I have a service that needs to watch a collection on a Mongo DB to create changes in the system. I have managed to establish a connection to a replica set using the C# driver and I'm using the following code to test the change stream.
public async Task WatchLoopAsync()
{
var options = new ChangeStreamOptions
{
FullDocument = ChangeStreamFullDocumentOption.UpdateLookup,
};
using (var cursor = await _collection.WatchAsync(options))
{
_logger.LogInformation("Watching collection {String}",
_deployments.CollectionNamespace);
await cursor.ForEachAsync(changeStreamDocument =>
{
var document = changeStreamDocument.FullDocument;
_logger.LogInformation("Received document: {String}",
document.ToString());
});
}
}
The first log appears stating that it is watching the collection with the correct namespace. I then add a document to the collection expecting to see something log as "Received document: ..." but nothing logs.

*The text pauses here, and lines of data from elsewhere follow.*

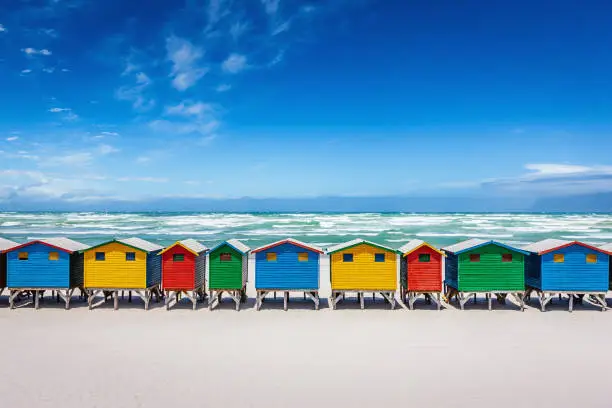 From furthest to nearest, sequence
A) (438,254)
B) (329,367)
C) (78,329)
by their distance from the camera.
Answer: (438,254) < (78,329) < (329,367)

I followed the async pattern given in the documentation here.
The solution to my particular problem was that the change stream receiving code was throwing an exception when it couldn't match a property "name" to an object property of "Name" due to the property casing conventions in C#.
To fix this, I used the following code snippet:
var conventionPack = new ConventionPack
{
new CamelCaseElementNameConvention()
};
ConventionRegistry.Register("camelCase", conventionPack, t => true);
This registers the DB driver to use the camel casing conventions when mapping entities to BSON.